> _Required action_
Include the line containing "5H díjjegyes levelezőlap" and every line after it up to the end of the material below; reproduce them exactly and drop the pictures.

> _Exercise data_
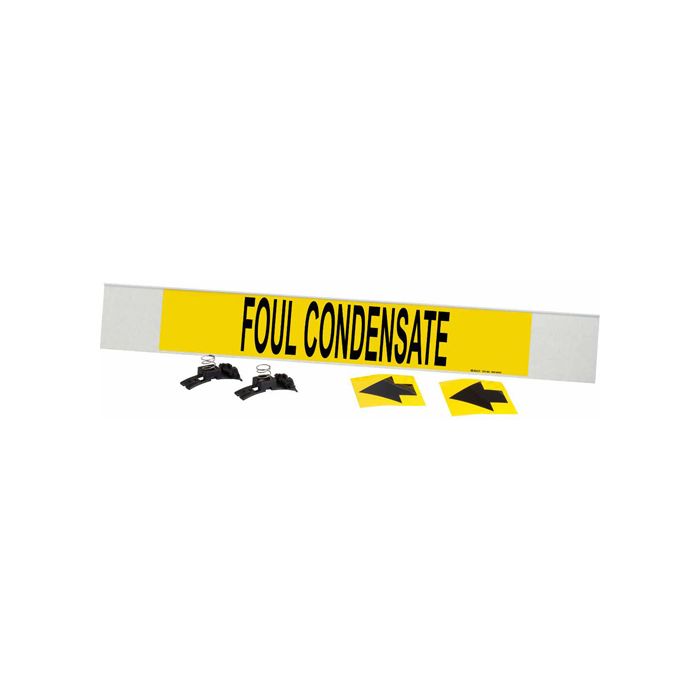 "Foul Condensate" Pipe Marker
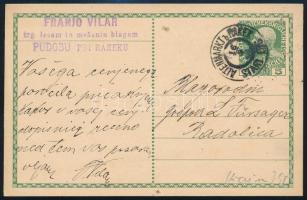 ~1917 5H díjjegyes levelezőlap / 5H PS-card "ALTENMARKT"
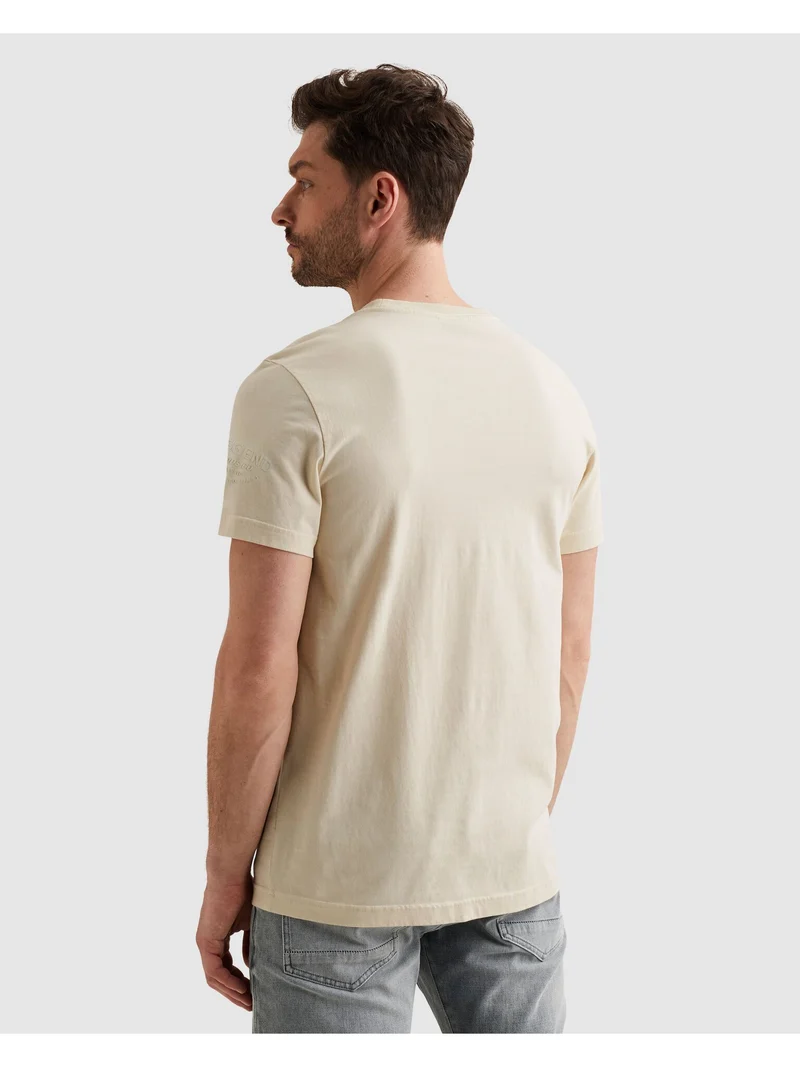 Short sleeve r-neck play heavy jer, Bone White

> _Response to the task_
 ~1917 5H díjjegyes levelezőlap / 5H PS-card "ALTENMARKT"
 Short sleeve r-neck play heavy jer, Bone White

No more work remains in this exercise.